The events in question may be trackings of UI actions and impressions, monitorings of IoT devices, business logic actions reported by other components.

I would like to list a few thoughts and recommendations of what to keep in mind when designing and using a platform for this purpose. As the text is rather long, I’ve diluted it with a few boomer memes.

Reference Architecture

The platform for event ingestion and analytical processing consists of multiple parts, each of which can be filled by different technologies.

For simplicity, let’s consider the following components:

  1. Event Source: IoT device, client application, external service,
  2. Reception Layer: a simple microservice which receives messages from Event Source and passes it on, possibly doing authentication, routing, …
  3. Streaming Layer: a message queue, such as Kafka or RabbitMQ, which facilitates stream processing. Usually accompanied with some suite for processing and dashboards, such as Spark Streaming and Grafana,
  4. Lake Ingestor: a component for reading the data from Stream and intelligently storing into the Data Lake,
  5. Data Lake: a technology for analytical processing, BigQuery, S3, Postgres, Clickhouse, Redshift, …

Recommendations

Do not omit any piece of the Reference Architecture

  • Some teams build a data platform without having a real data producer — this blunder should be obvious.
  • Omitting the Reception Layer and writing directly into the queue should be done only if you have full control over the Event Source, and don’t expect too many distinct Event Sources.
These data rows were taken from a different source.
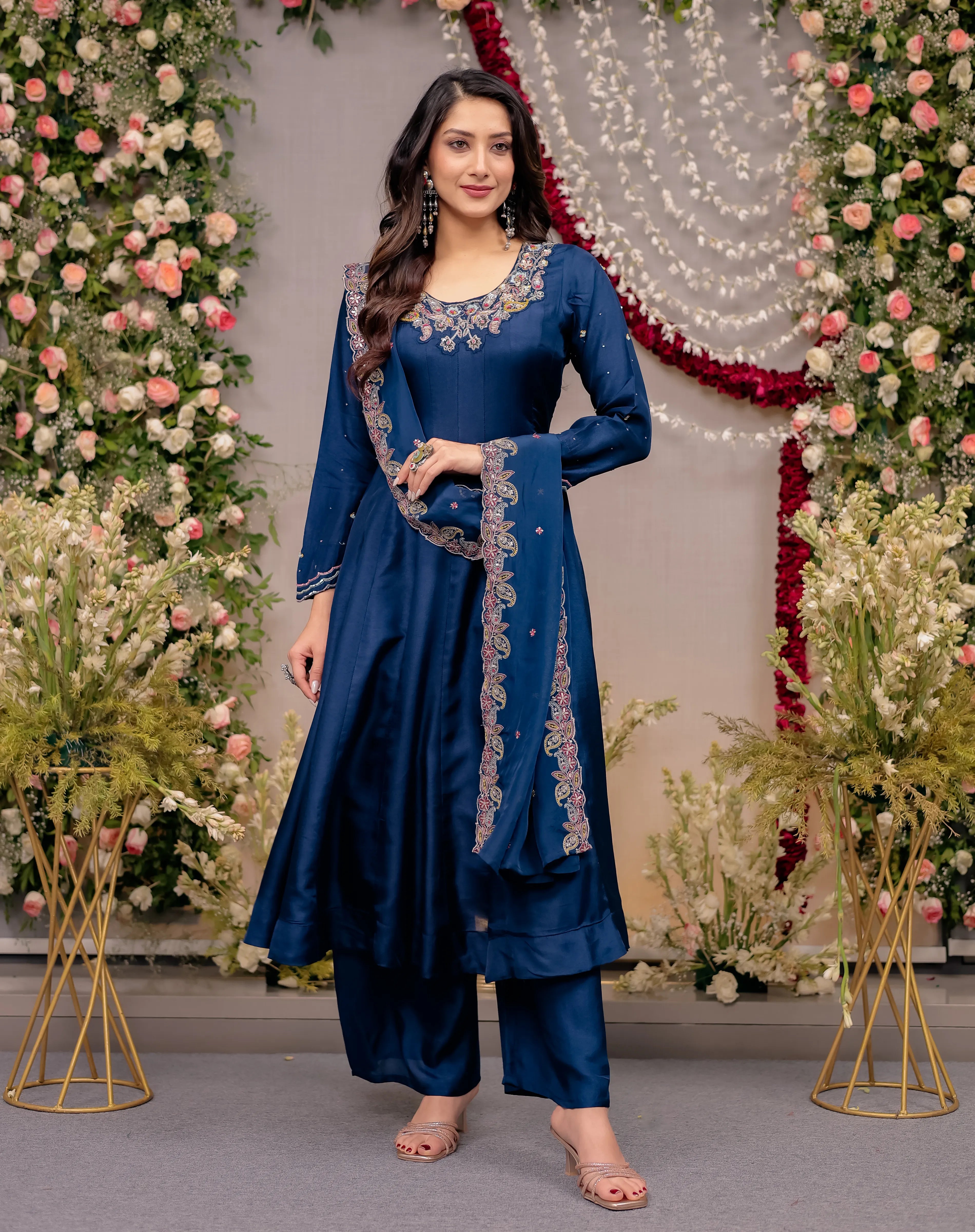 Woman in a blue traditional outfit standing in front of floral decorations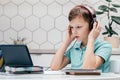 Portrait of young preteen boy covering headphones with hands, looking at screen of tablet, listening to online lesson. Royalty Free Stock Photo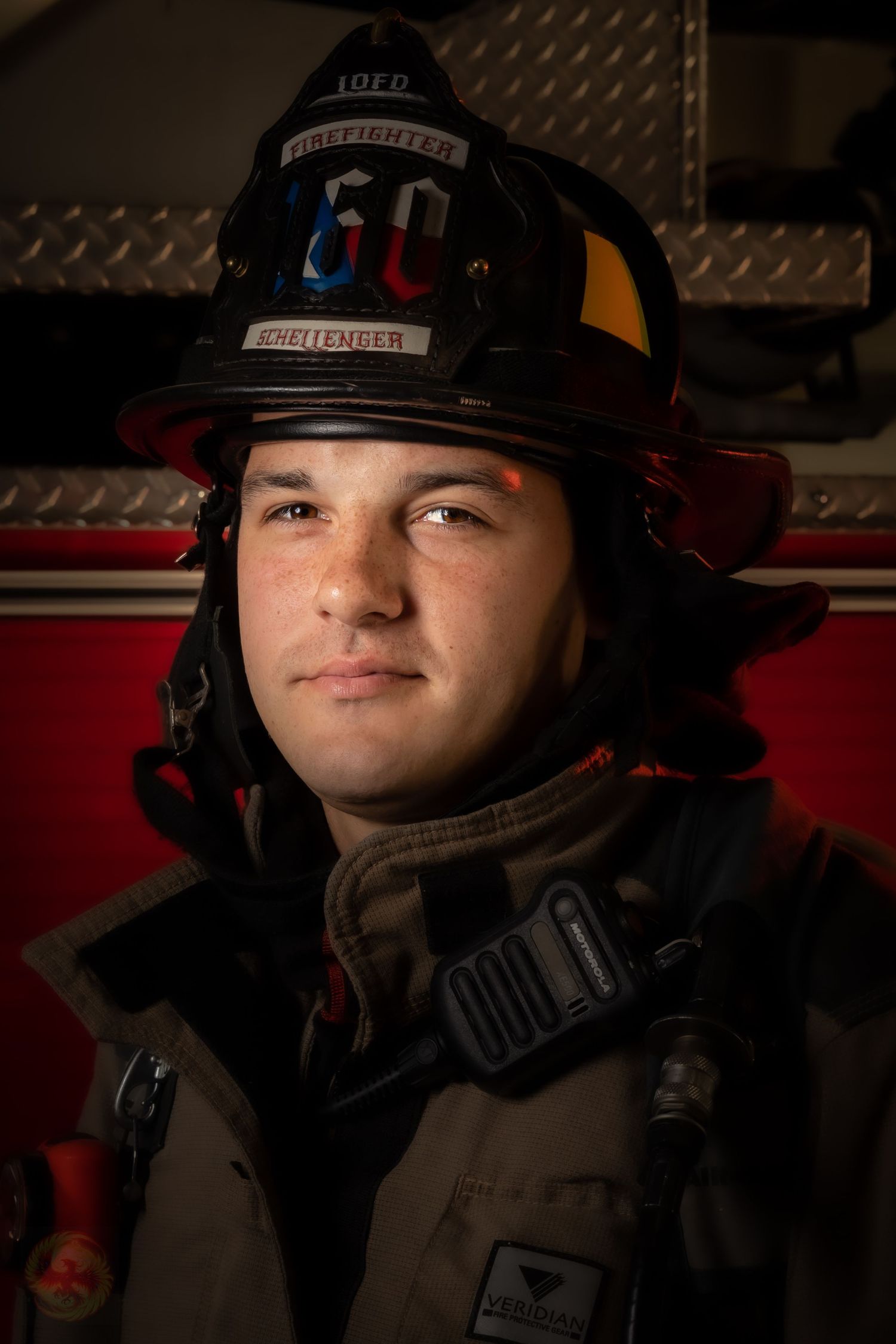Portrait of a firefighter wearing protective gear and helmet in front of a fire truck.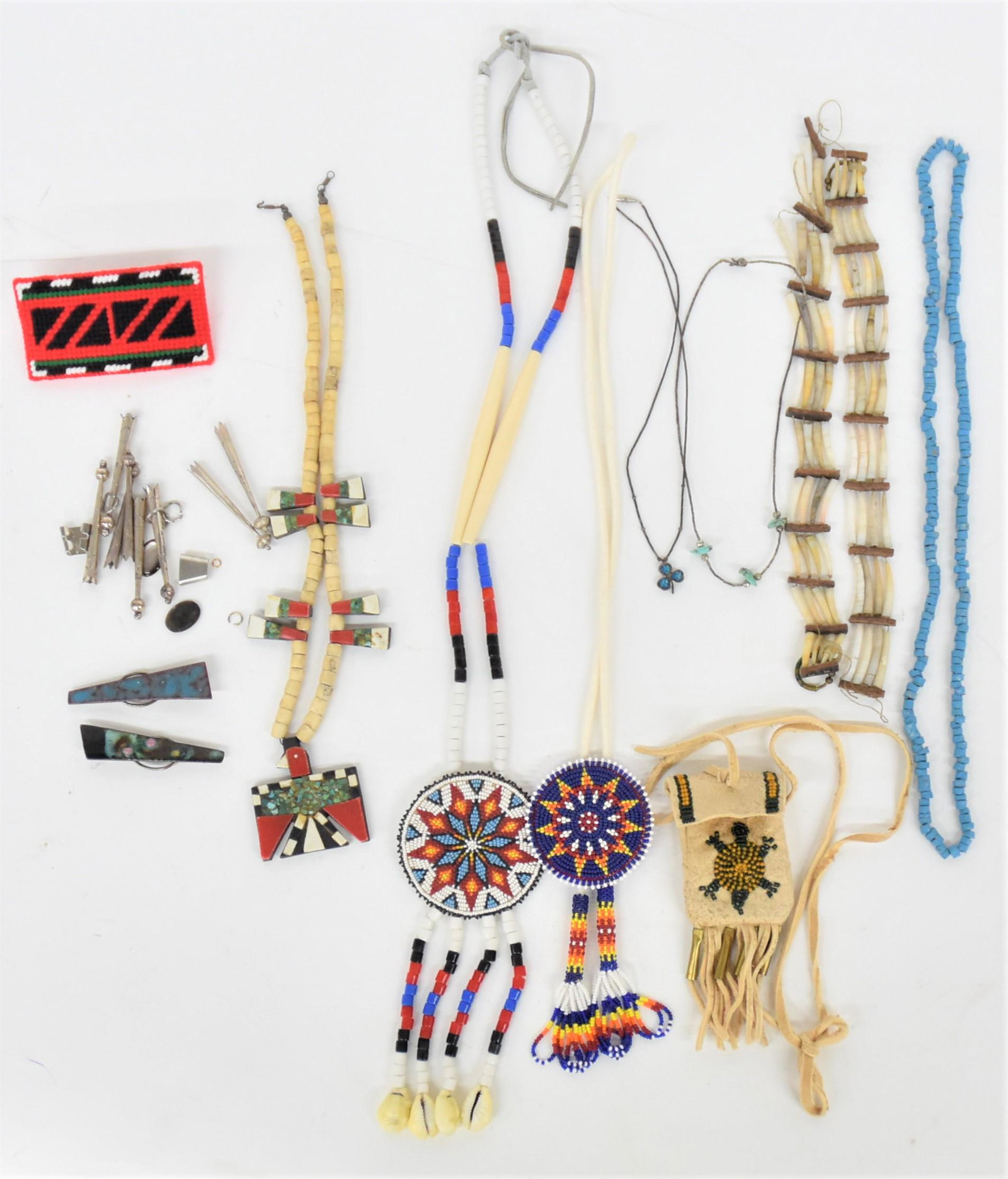 Native American Jewelry: Lot of 10 plus, including a very nice Santa Domingo Tunderbird necklace, inlaid colored and black bakelite, bone and turquoise, circa 1930's13" long with coin silver clasp; plus eight unmounted coin o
Otherwise, any downtimes and migrations, or even changes to data representation, routing or internal processing logic will become painful.
  • Without the Streaming Layer, you need to write from Reception directly to the Data Lake — which for some particular Lakes may be ok (e.g. Postgres), but others (S3) prefer bulk writes. Therefore, you will either have too small batches, or increase the risk of a data loss. Additionally, you lose the ability to analyse the data in an online fashion — while that may not be a 0-day requirement, it is very good to keep the door open.
  • While some folks like to say that Kafka + Streaming is all you need, it may for some usecases that have a non-temporal access pattern or need to read back cause huge costs and intractable compute times — so don’t omit the Data Lake.

I’m implicitly assuming this is a “push” model where Event Source sends requests to the Reception Layer. However, everything is identically applicable to a “pull” model, where some service actively crawls external Event Sources.

Rely on existing tools

There are folks who write their message queue, e.g., for high-performance trading, and it may be justified. But most often it isn’t.

Less obvious is queue-to-queue replication. In some cases, you want a short distance between the Reception Layer (which usually has no practical persistence on its own) and the queue, to lose no data — so it’s a good idea to have your message queue distributed together with your Reception Layer, and then one centralised queue where you run stream processing and from which you ingest into the Lake.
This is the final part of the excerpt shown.